City renews quest for utility policy
Councillors begin tackling the controversial, complex issue next week
Saturday, Feb 08, 2014 06:00 am
Deciding how the city will fund the construction of future facilities like water reservoirs and pumphouses begins next week as city councillors begin deliberating on a utility fiscal policy.
The process will begin Monday when councillors, sitting as the standing committee on finance, will get a review of recommendations that a hired consultant first presented in February 2013. Last spring, council postponed a decision on the complex issue until this winter, allowing the newly-elected council to make the decision.
Monday’s meeting will be the first finance committee session in 2014 to devote time to the utility fiscal policy, which is expected to be discussed in March and April as well.
Utility rates that city residents pay became a hot-button topic during last fall’s election.
City staffers currently have no overarching policy to guide them so they rely on a combination of legislation like the Municipal Government Act and the city’s past practices, said Ashleigh Campbell, utility and accounts receivable controller for the city.
“We’re missing something concrete in place to guide us,” she said.
What is in place is the city policy on debt, which says “long-term debt shall not be considered for growth-related or ‘strategic’ utility servicing purchases.”
Debt can be considered for the rehabilitation of existing or the construction of major utility infrastructure.
According to a discussion paper from the city on utilities, this can make it challenging to maintain rate stability since it means funds have to be built up ahead of time to pay for a big utility project.
The desired utility fiscal policy would include a rate model but would be broader than just rates.
The city’s current utility rate model is often called the “100-year model.”
This model can forecast rates up to 100 years into the future but it doesn’t necessarily mean it can fund all projects within that time frame, Campbell said.
She said the city works off a 10-year capital plan.
The model is about forecasting rates and the operating costs, and doesn’t include amortization, said Brenda Barclay, financial operations and reporting manager for the city.
Perhaps a clearer description of how the current model operates is what Campbell calls a “cash-needs basis.”
Under this model, projections of future capital expenditures and operating costs are used to determine rates. Those rates are intended to ensure the city’s utility reserve accounts never fall below zero.
That model is now predicting that some of the upcoming needs won’t be met, so a consultant was hired to review it and suggest changes, which they presented last year.
“I think the model right now is predicting that we go into a deficit (in the four utility reserve funds)… in 2018,” Campbell said.
A 6.5 per cent rate increase was passed for both 2013 and 2014. In 2008, the utility rate model predicted increases of 9.5 per cent a year for the next 10 years.
Barclay noted St. Albert is both growing and has some aging infrastructure.
Barclay noted a policy being developed would give staff some direction from council.

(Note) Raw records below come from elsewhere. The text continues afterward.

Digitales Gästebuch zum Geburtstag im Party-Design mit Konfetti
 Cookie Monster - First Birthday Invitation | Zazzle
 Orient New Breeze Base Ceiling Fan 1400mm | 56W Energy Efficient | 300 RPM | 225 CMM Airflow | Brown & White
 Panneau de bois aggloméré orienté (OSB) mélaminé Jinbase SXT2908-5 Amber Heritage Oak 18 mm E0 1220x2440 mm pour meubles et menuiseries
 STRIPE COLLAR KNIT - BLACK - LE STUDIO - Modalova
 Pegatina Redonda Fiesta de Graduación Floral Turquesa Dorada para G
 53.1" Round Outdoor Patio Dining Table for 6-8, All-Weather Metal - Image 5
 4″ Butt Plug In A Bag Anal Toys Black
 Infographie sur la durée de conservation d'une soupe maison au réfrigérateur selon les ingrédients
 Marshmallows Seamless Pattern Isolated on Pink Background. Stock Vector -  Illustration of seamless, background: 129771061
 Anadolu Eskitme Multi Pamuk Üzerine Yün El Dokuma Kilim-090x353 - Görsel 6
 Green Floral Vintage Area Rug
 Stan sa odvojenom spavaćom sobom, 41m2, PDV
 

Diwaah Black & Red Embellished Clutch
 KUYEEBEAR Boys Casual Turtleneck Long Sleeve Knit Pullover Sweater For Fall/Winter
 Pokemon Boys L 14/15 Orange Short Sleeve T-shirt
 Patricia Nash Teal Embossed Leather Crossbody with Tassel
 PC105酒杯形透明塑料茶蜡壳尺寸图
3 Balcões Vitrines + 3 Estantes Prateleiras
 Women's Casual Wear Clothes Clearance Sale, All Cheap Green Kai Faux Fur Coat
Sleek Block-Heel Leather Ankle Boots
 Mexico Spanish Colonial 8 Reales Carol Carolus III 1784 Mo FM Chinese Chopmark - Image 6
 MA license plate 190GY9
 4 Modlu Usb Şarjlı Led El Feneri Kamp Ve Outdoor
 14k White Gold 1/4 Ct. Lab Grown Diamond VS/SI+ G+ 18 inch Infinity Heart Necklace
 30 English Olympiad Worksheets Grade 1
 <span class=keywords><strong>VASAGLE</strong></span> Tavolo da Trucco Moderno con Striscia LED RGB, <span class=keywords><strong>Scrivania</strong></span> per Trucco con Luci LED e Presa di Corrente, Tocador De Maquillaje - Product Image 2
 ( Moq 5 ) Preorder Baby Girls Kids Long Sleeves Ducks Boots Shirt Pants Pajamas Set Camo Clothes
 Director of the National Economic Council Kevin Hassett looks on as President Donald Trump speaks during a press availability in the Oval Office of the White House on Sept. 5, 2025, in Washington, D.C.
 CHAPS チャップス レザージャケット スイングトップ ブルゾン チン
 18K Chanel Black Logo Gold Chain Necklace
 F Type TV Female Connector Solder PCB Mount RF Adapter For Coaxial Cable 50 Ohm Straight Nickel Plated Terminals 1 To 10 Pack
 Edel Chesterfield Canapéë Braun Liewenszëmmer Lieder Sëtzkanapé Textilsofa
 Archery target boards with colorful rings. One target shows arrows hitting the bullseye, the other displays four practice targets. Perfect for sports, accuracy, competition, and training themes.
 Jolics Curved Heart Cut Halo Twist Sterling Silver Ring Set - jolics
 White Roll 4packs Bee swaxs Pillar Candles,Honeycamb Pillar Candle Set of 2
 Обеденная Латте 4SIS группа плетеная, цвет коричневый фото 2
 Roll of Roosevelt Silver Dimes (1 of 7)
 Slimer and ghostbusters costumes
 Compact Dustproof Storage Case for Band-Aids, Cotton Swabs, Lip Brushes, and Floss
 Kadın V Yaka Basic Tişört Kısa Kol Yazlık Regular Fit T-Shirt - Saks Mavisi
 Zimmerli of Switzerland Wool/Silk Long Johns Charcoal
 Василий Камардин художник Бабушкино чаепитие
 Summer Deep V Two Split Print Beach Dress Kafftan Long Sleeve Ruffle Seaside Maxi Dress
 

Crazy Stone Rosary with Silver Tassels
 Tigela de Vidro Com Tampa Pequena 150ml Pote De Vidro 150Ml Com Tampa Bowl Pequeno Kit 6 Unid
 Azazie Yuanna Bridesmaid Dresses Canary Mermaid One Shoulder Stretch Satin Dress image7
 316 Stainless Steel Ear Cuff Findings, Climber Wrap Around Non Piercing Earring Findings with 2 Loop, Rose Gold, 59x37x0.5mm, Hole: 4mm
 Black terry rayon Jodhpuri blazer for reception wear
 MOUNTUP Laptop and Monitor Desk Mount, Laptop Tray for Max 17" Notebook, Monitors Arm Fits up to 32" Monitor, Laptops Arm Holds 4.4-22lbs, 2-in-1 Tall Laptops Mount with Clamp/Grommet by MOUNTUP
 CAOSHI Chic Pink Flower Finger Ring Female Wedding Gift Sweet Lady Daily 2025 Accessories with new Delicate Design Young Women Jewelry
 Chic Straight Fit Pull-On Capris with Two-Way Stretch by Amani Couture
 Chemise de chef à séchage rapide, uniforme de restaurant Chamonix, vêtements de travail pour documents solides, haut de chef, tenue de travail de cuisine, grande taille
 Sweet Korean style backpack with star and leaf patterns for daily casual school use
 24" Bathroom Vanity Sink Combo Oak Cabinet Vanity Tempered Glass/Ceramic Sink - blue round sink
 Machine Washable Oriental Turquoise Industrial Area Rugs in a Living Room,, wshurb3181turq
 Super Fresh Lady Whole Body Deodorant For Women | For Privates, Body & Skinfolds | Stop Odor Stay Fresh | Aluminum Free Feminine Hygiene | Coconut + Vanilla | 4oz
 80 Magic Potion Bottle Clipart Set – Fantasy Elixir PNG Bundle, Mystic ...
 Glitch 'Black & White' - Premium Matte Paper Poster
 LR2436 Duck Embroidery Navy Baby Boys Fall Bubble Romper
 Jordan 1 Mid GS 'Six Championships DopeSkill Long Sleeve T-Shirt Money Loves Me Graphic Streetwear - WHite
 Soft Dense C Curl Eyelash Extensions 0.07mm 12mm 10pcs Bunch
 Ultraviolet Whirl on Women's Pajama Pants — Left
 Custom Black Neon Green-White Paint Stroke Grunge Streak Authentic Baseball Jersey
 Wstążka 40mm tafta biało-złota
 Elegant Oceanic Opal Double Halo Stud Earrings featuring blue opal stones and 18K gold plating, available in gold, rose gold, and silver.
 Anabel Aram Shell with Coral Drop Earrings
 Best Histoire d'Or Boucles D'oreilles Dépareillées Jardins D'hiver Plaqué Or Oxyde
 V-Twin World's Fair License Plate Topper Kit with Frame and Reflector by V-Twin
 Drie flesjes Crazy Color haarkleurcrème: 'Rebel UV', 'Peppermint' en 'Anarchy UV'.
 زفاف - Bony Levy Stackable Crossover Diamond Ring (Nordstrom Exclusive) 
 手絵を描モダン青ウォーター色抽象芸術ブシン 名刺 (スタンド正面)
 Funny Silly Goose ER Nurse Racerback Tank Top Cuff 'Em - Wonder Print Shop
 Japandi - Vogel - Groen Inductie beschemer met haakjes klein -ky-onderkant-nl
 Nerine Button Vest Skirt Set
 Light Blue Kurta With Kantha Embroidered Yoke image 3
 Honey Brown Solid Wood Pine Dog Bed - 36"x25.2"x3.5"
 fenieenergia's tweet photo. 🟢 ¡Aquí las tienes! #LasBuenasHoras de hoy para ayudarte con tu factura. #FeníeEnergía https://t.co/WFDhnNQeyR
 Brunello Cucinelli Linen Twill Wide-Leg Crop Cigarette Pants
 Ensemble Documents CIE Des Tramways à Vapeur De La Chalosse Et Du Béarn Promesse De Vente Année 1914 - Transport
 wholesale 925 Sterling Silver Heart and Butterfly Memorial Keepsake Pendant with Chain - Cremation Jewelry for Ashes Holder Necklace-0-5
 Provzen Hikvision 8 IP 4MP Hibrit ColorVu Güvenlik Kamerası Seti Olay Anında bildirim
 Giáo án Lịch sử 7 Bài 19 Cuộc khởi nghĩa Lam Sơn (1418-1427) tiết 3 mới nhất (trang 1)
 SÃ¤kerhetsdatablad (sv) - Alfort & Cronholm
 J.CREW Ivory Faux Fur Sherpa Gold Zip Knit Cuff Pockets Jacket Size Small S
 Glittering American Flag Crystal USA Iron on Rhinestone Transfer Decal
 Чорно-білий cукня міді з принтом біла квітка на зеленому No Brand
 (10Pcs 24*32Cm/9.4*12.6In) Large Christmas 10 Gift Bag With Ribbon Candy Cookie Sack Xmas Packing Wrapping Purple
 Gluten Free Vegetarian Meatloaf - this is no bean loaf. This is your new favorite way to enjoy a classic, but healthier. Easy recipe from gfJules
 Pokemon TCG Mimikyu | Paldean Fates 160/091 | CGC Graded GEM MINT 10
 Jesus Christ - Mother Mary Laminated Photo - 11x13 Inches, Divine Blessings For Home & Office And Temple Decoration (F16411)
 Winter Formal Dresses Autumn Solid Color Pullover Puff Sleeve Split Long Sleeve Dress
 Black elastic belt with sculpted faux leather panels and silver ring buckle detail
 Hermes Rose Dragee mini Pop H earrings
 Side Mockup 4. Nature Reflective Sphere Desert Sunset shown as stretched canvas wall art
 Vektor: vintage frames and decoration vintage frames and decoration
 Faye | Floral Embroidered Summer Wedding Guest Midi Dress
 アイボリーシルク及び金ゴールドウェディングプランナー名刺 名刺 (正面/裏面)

Recommendations from the consultants presented last year included not using grant funding for capital projects, taking on debt for some projects and using debt-financing to front-end growth related capital projects.
Council will have to consider a number of these issues as they begin deliberating on the direction a policy should take. Should debt be used for more than just repair and maintenance? Should grant money be used for utility capital projects, leaving the city possibly holding the bag if a grant program is discontinued? Should all the projects in the capital plan be funded, instead of listing some as unfunded?
Mel McMillan, a University of Alberta emeritus professor of economics, said there are many different utility models but said it is hard to add substantial amounts of infrastructure with a no-debt policy.
“Pay-as-you-go is not unreasonable if you’re adding relatively small amounts or replacing relatively small amounts of infrastructure at any one time, but if you’re talking about a big chunk it’s sort of like buying a house as opposed to buying a refrigerator,” McMillan said.
Saving up ahead of time for big capital infrastructure projects can be tough.
“It’s sometimes a difficult thing to do because taxpayers are always interested in lower taxes,” he said.
But borrowing can also be expensive, depending on the interest rates. Right now interest rates are low so taking on debt isn’t as expensive, he said.
Edmonton previously tried not to borrow and pay down its debt, McMillan said.
But in the last 10 years, growth made it difficult to keep up with capital projects while using a no-debt policy.
“When you get into things like LRTs, for example, which is pretty expensive and a lot of up-front capital, that became pretty difficult,” he said.